La force conjointe du G5 ne dispose ni des fonds ni de l’équipement nécessaire à son fonctionnement. Son opérationnalisation est-elle possible pour l’automne prochain ?

L’opération Barkhane,  4 000 soldats sur l’ensemble des pays du G5 Sahel, coûte entre 500 et 600 millions d’euros par an. C’est autant que les budgets de défense des pays du G5 du Sahel réunis. Le fonctionnement d’un équivalent africain, même doté de moyens moins sophistiqués, ne peut pas être financé par ces Etats. Il faudra trouver les financements adéquats auprès de donateurs comme des organisations régionales ou des nations comme la France ou les Etats-Unis. C’est un processus long et complexe, par ailleurs régulièrement remis en question. Le financement est toujours le talon d’Achille de toutes les forces inter-africaines. Il est probable qu’il en sera de même cette fois d’autant plus qu’on ne connaît pas très bien le mandat de la nouvelle force, ce qui rend plus difficile la justification des aides. La force sera officiellement qualifiée d’opérationnelle à l’automne mais il est peu probable qu’elle le soit pleinement.

Comment cette force militaire devrait-elle être équipée et organisée pour bien fonctionner ?

Une force militaire n’est pas un objectif en soi mais un instrument au service d’une stratégie. Or, on ne sait pas très bien en réalité à quoi va servir cette force. S’agit-il d’une force d’appoint ou de substitution à Barkhane ? La France a-t-elle poussé à sa création pour augmenter l’efficacité générale de la lutte contre les organisations djihadistes ou simplement pour se dégager ? Une force de 5 000 hommes, voire de 10 000, comme on l’évoque à terme pour l’ensemble du Sahel, ne peut être qu’une force d’intervention. Elle doit disposer d’un état-major, de renseignements, de moyens aériens, terrestres et de transport. Surtout, elle doit disposer de troupes et là on ne sait pas très bien qui va les fournir. S’il s’agit de troupes nouvelles, il faudra un effort conséquent de formation et d’équipement dans des pays dont les forces armées sont déjà en flux tendus. Si ce sont, plus probablement, des forces déjà existantes, on ne voit pas très bien la différence avec la situation actuelle, les forces des pays du G5 Sahel étant déjà régulièrement engagées ensemble et avec les forces françaises pour lutter contre les groupes djihadistes.

Ces armées africaines pourront-elles facilement travailler ensemble ?

Elles travaillent déjà ensemble. On a même déjà une bonne expérience de l’emploi de forces interafricaines, régionales ou sous mandat de l’ONU. La force d’intervention conjointe multinationale qui regroupe des unités béninoises, camerounaises, nigériennes, nigérianes et tchadiennes pour lutter contre Boko Haram est très efficace.
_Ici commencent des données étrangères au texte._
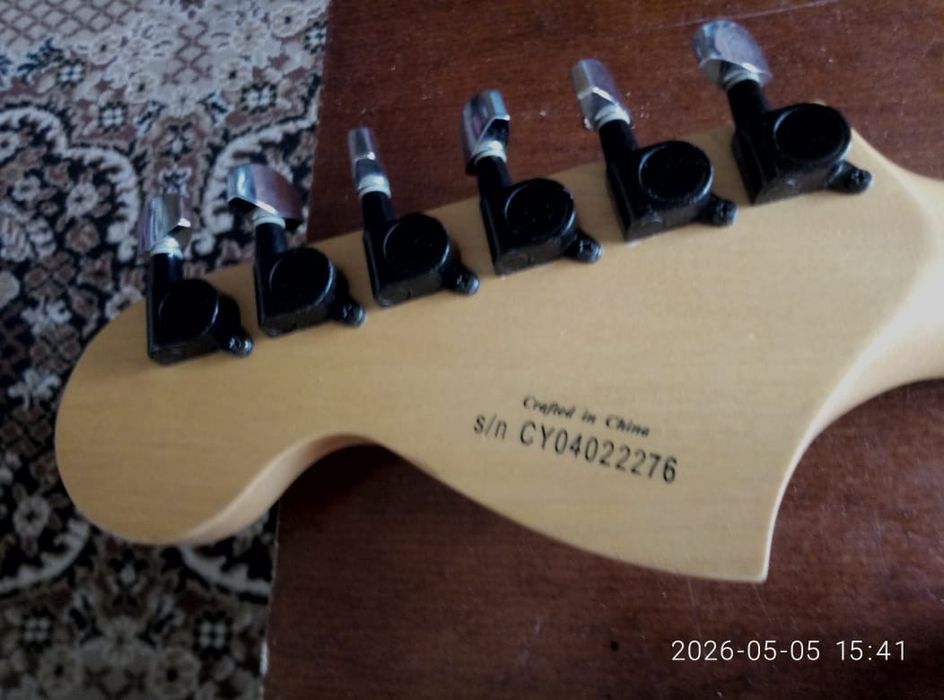 Электрогитара Squier strat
La difficulté pour coordonner l’action de différentes armées est technique. Il faudra donc un état-major commun qui est prévu pour être installé en position centrale, à Sévaré au Mali, et des moyens de communication communs, un des points faibles habituels des forces africaines. Il faut également une doctrine commune d’emploi des forces et un minimum de cohérence opérationnelle, en plus de la confiance mutuelle.
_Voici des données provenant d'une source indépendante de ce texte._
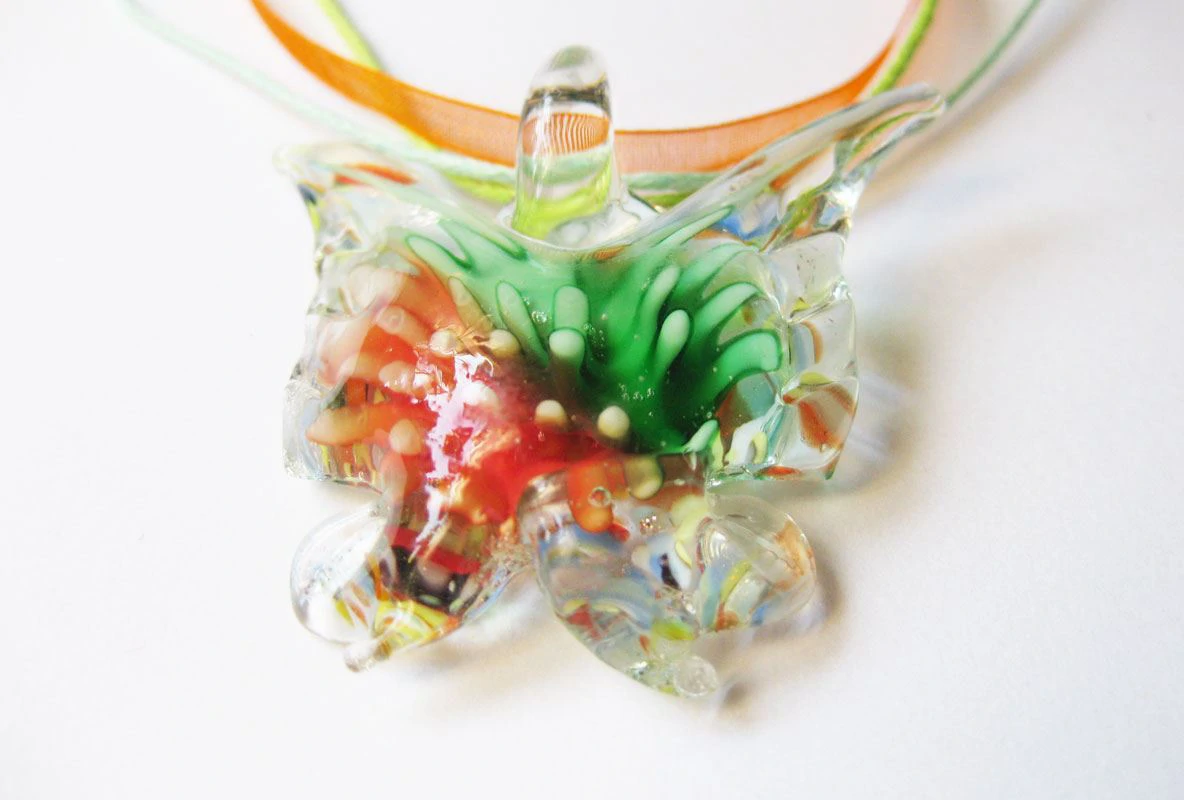 Zöld-narancs pillangó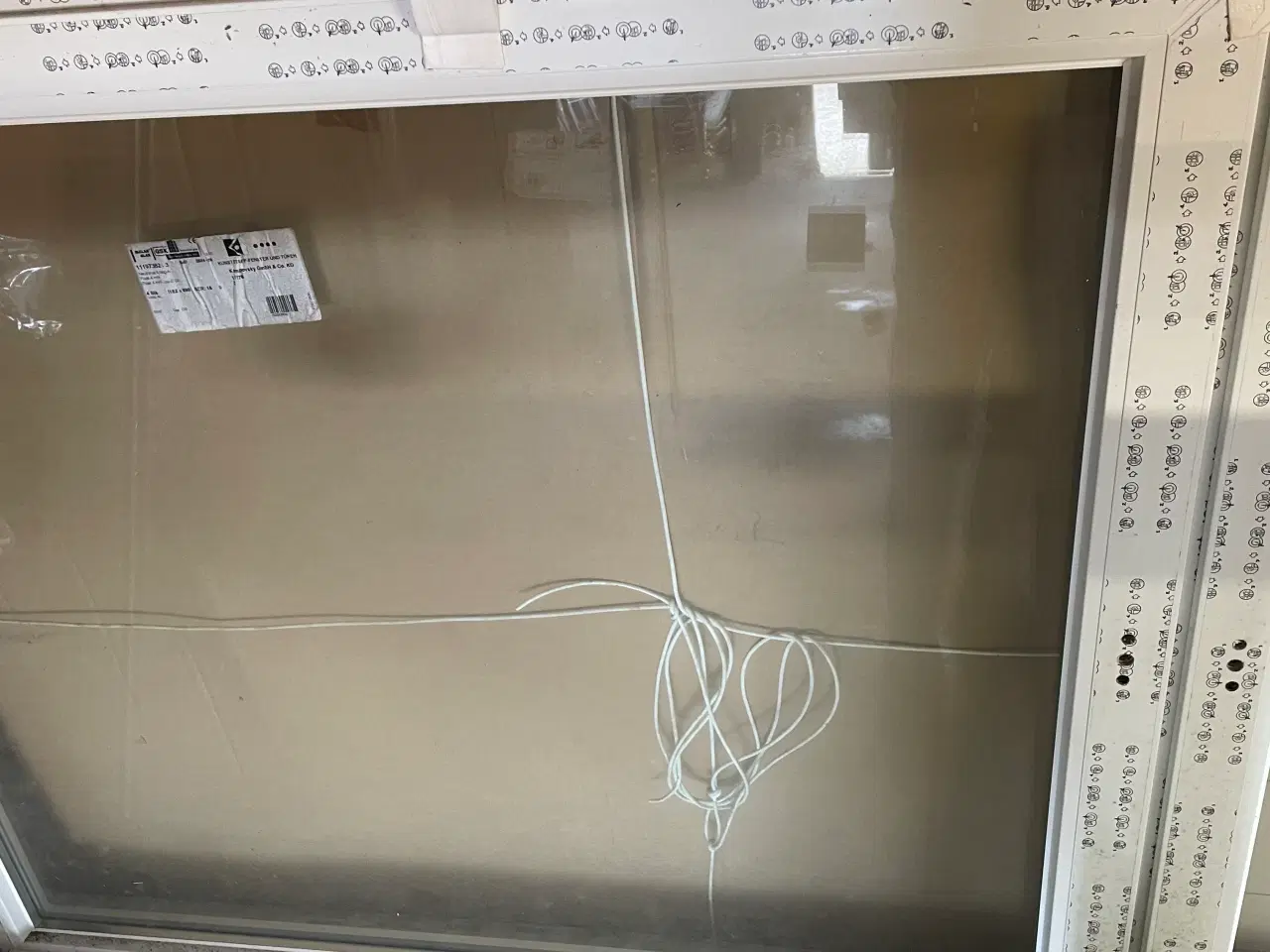 Billede 2 - To Vinduer og en dør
Quels sont les grands défis qui attendent cette force conjointe du G5 Sahel ?

Le défi tactique consiste à empêcher les groupes djihadistes de constituer des bases ou d’évoluer en forces importantes à l’intérieur du G5 Sahel. La menace, sans être éradiquée, sera ainsi maintenue à un niveau qui pourra être traité par d’autres forces et par d’autres services, la force de ces groupes n’étant pas seulement militaire. La vraie question, c’est l’articulation avec les autres forces présentes dans la zone, comme la MINUSMA, à laquelle elle pourra peut-être se substituer efficacement en récupérant les crédits qui y sont consacrés et un certain nombre de moyens, et surtout la force française Barkhane. Dans l’idéal, on pourrait envisager une fusion avec un commandement commun mais qui ne soit pas un subterfuge de la France pour se désengager.